Cultural nuance is important to understand. To show you’re serious, you need to understand the unique norms and traditions unique to markets.
For example, when you compete in Chinese markets, there’s a step-by-step process to build trust before initiating a business relationship. If you jump ahead and go in guns blazing, things won’t end well.
Having a cultural advisor on the ground makes things more manageable. They understand the progressions and build trust to help you avoid tripping up.

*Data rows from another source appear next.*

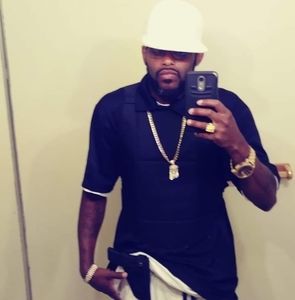 Meet your Posher, Antonio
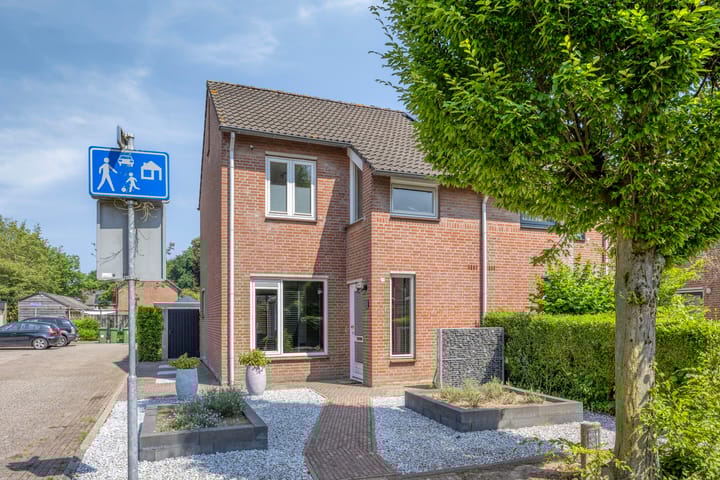 Foto 33 van Kruidenlaan 71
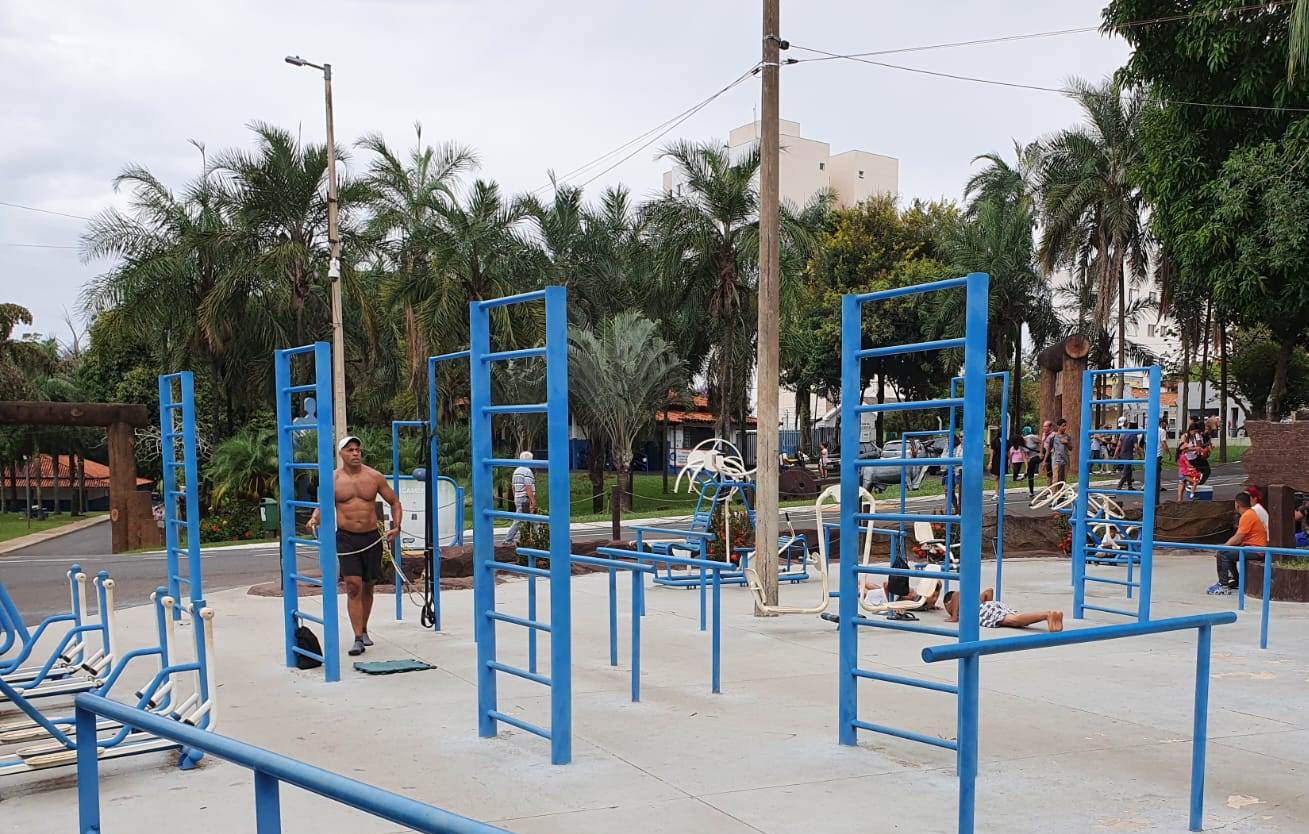Parque do Sabiá 99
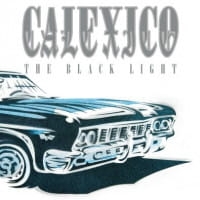 CALEXICO CD THE BLACK LIGHT 20TH ANIVERSARY LTD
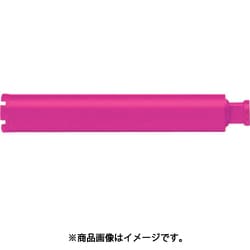 タスコジャパン 薄刃ビット 130mm TA660HB-130H Light blade bit-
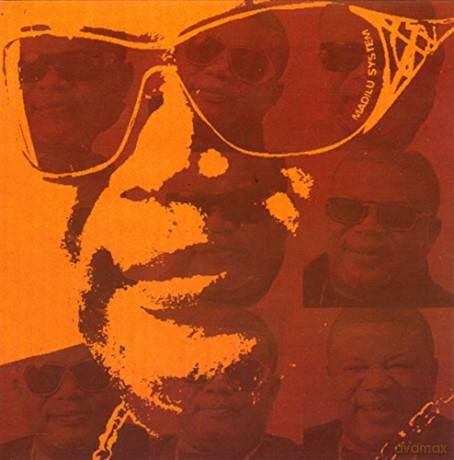 Madilu System: La Bonne Humeur [CD]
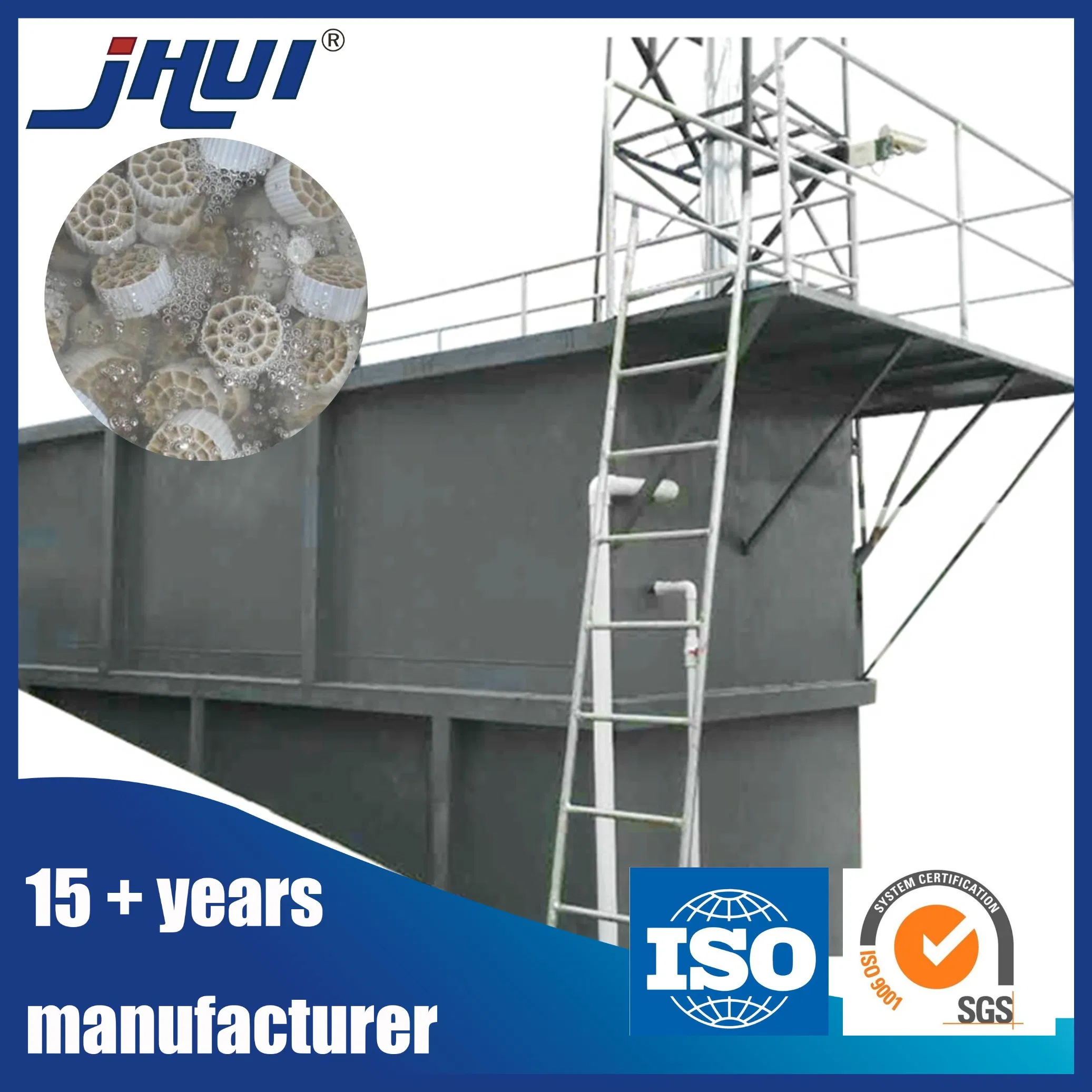 Innovative Mbbr Wastewater Treatment Solutions for Municipal Applications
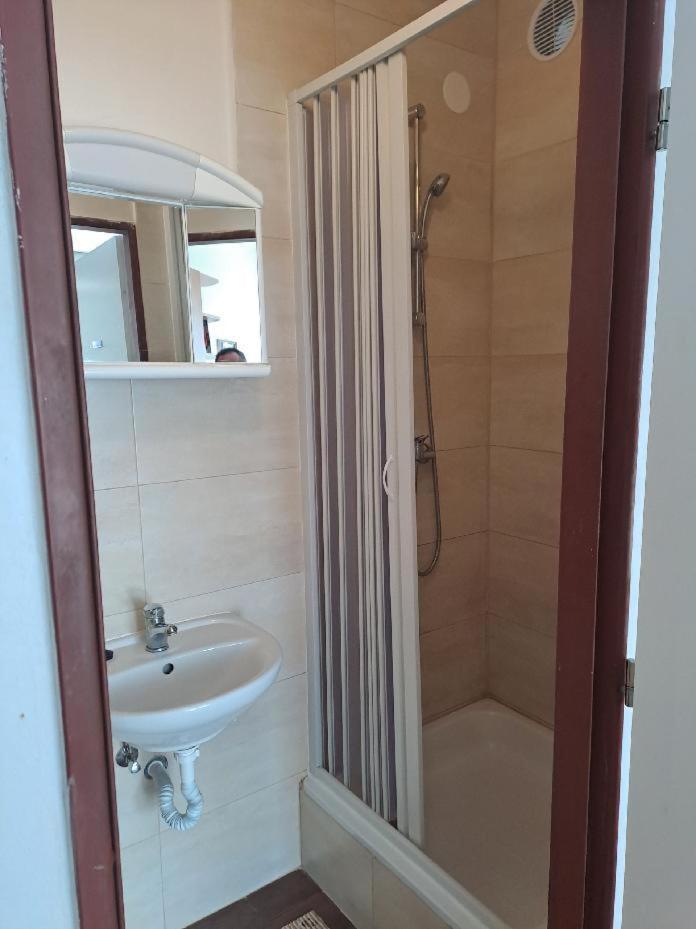 Apartman S Terasou Olomouc Exterior foto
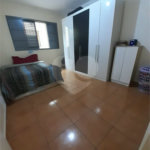 Casa 02 dormitórios para locação na Vila Nova Cachoeirinha/SP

- Individual vs. Collective
- Long-Term vs. Short-Term, and
- Emotional vs. Rational
In some cultures, individual liberty and desires outweigh those of the community. In these cultures, impulse purchases are common, and fewer decision-makers play a role before a purchase. The long-term use of products has a greater value in some markets.
If your product isn’t evergreen, you could be in for some tough battles to find market share. If it isn’t, look instead for new Amazon marketplace where disposable or single-use products have a foothold.
Long-term versus short-term also relates to how long you’ll be active in a market. In some countries, if there’s an impression you’re there for a quick fix, people will ignore your brand. Show you’re in it for the long-haul to develop trust and loyalty from customers in these markets.
In emotional cultures, indulgence has value and a place. In rational cultures, the opposite is true. Value is in restraint. Think of this in a religious context. In more religiously conservative countries, fewer impulse purchases tend to happen, and vice versa.

Expanding into new Amazon marketplace isn’t for the faint of heart. It’s best to keep things simple and move deliberately. Do extensive due diligence to ensure the opportunities you take on are worth the challenge.
With experience, these decisions become much easier to make. And, you’ll find a pattern that leads to success, and also helps you to identify situations where potential reward doesn’t justify the required effort.
With finesse and careful execution, the rewards are well worth the effort!